A service registry is the backbone of dynamic service discovery in microservice architectures. Rather than hardcoding service endpoints, every instance registers itself on startup and clients query the registry at runtime. This post covers the full low-level design: registration protocol, health monitoring, client-side discovery, and watch-based change notification.
Registration Protocol
Every service instance registers on startup by sending its service_name, host, port, and a metadata blob (version, region, tags). Registration uses a two-phase approach: the instance first registers with status STARTING, then transitions to HEALTHY only after passing its own internal health checks. This prevents client traffic from reaching instances that are still warming up.
Leases use TTL-based renewal: each registered instance holds a lease expiring at lease_expires_at. The instance sends periodic heartbeats (e.g., every 5 seconds) to renew the lease. If the registry receives no heartbeat before expiry, the instance is automatically deregistered. TTL is typically 3x the heartbeat interval to tolerate transient network delays.
Health Probing
Beyond passive TTL-based expiry, the registry actively probes each registered instance. Probes can be HTTP GET to a /health endpoint or TCP connect. The registry tracks consecutive failures per instance. After N consecutive failures (e.g., 3), the instance is deregistered and clients are notified. This handles cases where an instance is alive (sending heartbeats) but not serving traffic correctly.

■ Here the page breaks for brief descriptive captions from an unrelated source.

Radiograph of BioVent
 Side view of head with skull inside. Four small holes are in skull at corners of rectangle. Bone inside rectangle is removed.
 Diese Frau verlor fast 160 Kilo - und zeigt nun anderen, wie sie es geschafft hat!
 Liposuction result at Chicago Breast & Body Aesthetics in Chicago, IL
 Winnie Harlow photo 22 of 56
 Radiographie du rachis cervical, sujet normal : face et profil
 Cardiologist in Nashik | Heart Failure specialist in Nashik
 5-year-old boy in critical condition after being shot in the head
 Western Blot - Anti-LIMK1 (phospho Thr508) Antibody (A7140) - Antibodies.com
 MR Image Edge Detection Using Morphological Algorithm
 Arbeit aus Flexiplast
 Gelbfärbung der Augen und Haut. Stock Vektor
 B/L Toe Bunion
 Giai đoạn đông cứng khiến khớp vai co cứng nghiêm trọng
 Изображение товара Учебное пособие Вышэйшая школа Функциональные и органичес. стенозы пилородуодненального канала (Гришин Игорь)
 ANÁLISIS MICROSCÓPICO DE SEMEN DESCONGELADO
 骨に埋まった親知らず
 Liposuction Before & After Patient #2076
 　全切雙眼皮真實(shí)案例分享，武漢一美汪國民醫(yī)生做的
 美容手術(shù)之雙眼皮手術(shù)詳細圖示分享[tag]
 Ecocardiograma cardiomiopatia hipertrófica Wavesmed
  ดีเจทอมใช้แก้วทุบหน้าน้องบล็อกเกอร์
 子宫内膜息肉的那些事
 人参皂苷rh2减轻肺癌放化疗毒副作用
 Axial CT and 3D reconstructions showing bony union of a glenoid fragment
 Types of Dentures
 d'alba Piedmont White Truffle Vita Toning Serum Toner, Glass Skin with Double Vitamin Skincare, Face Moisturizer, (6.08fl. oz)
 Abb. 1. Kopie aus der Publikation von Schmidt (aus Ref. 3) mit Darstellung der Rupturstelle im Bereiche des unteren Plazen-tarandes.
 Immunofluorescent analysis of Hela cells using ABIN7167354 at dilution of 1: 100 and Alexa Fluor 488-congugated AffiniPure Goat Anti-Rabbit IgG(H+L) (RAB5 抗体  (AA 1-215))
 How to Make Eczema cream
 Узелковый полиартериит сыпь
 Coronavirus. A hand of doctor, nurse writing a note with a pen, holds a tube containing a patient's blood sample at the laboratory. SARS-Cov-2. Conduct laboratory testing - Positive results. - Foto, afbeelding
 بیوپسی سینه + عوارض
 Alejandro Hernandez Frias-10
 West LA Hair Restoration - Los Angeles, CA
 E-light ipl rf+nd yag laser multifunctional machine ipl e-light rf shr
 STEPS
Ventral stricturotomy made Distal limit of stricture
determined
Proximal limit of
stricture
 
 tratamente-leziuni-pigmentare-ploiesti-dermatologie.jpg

The HealthCheck table records every probe outcome so failure trends are observable. A probe scheduler runs as a background worker, distributing probes evenly across time to avoid thundering herd on the probe targets.
Client-Side Discovery
Clients query the registry for all healthy instances of a target service. The response includes host, port, and metadata for each instance. Clients cache this list with a short TTL (e.g., 30 seconds) to avoid registry overload. On cache expiry or on error connecting to a returned instance, the client re-queries.
Load balancing is performed client-side using the cached instance list:
- Round-robin: cycle through instances in order
- Random: pick uniformly at random — avoids synchronized waves
- Weighted: prefer instances with higher capacity metadata
Watch / Subscribe
Polling for changes adds latency between a registry update and client awareness. Instead, clients subscribe to changes for a given service name. The registry maintains a ServiceWatcher table of callback URLs. When instance health status changes (new registration, deregistration, or status flip), the registry fans out delta updates to all registered watchers via HTTP POST or long-poll response.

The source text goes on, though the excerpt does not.